We are planning to spend around Rs 8,000 to 8,500 crore for FY21, said Vijayagopal N, Director (Finance) at BPCL
The company would have otherwise spent Rs 10,000-11,000 crore in FY2020-21
New Delhi: A senior official at BPCL (Bharat Petroleum Corporation Ltd) said that the oil marketing company is looking at cutting its capex for financial year 2020-2021 by 36 percent in order to maintain its debt-equity ratio. Vijayagopal N, Director (Finance) at BPCL, said on Thursday, “We have categorised our projects into minor and major projects. Any project which has an investment of less than Rs 150 crore is minor project and put on hold.”
He added that this was a conscious decision taken by the Board because burdening the company with a huge capex at a difficult time will impact borrowing and debt-equity ratio. “It will however not have any major impact on our company’s future,” the Director (Finance) added.

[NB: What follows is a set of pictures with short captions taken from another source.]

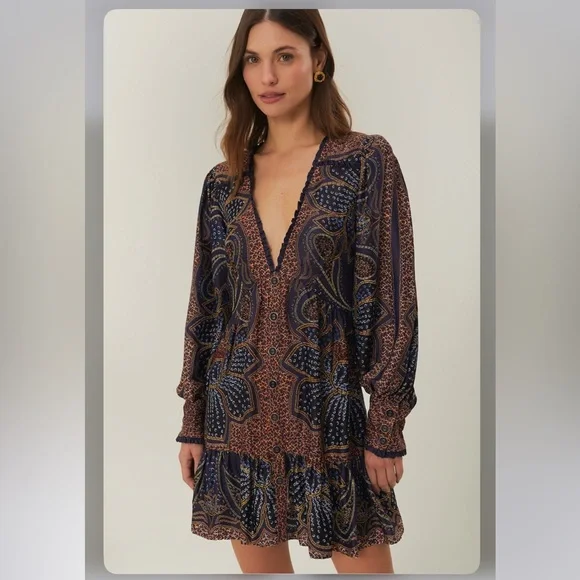 FARM Rio Multicolor Paisley Long Sleeve Dress - Picture 1 of 9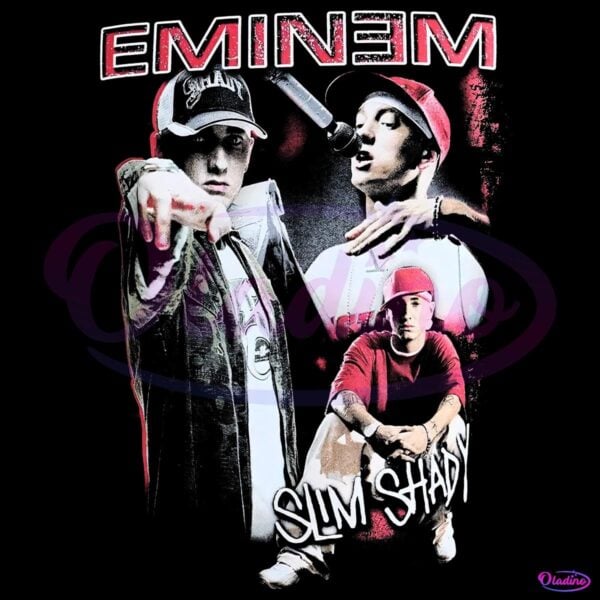 Eminem Slim Shady Red Black Vintage Rap PNG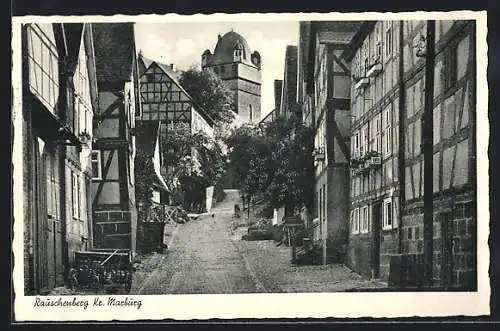 AK Rauschenberg Kr. Marburg, Gasse mit alten Fachwerkhäusern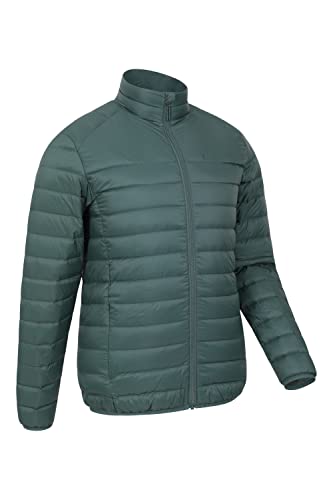 Mountain Warehouse Featherweight Mens Down Jacket - Lightweight Winter Puffer Coat, Easy Care, Packaway Bag, Water Resistant - For Camping, Travelling & Walking Dark Khaki XS - Image 3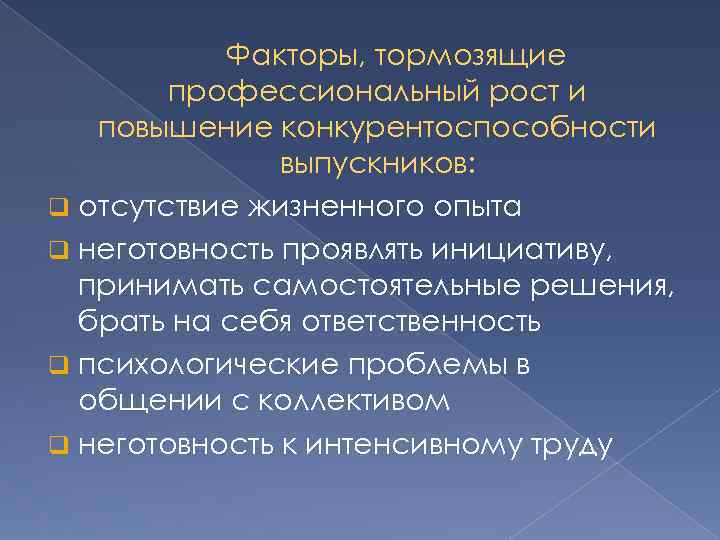 Факторы, тормозящие профессиональный рост и повышение конкурентоспособности выпускников: q отсутствие жизненного опыта q неготовность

BPCL planning to spend Rs 8,000-8,500 cr on capex for FY21
“As the country was under lockdown, we have not spent much in April and May. We are planning to spend around Rs 8,000 to 8,500 crore for FY21,” said Vijayagopal. The company would have otherwise spent Rs 10,000-11,000 crore in FY2020-21. The senior official said that the loss incurred by BPCL in the March quarter has also impacted its expansion plans. “By sheer slowing down of the economy and the lockdown of the country, the project activities will be lower this year. Also because our profitability is bad, we have also taken a decision not to accelerate expenditure on small minor projects up to Rs 150 crore. We are taking up essential minor projects.”
BPCL capex plan could be reviewed in October
The top executive also said that the capex plan is open to review in October and the company will also look to reduce project development costs. “We will take a review in October. We will in October also take a fresh look if renewing contracts and finding more competitive cost structures for expansion is possible,” said Vijayagopal.
BPCL posted a loss of Rs 1,819.56 crore in the March quarter of FY2019-20, against a profit of Rs 3,131.66 crore in the year-ago period. The company attributed the depreciation to inventory loss and a fall in gross refining margin.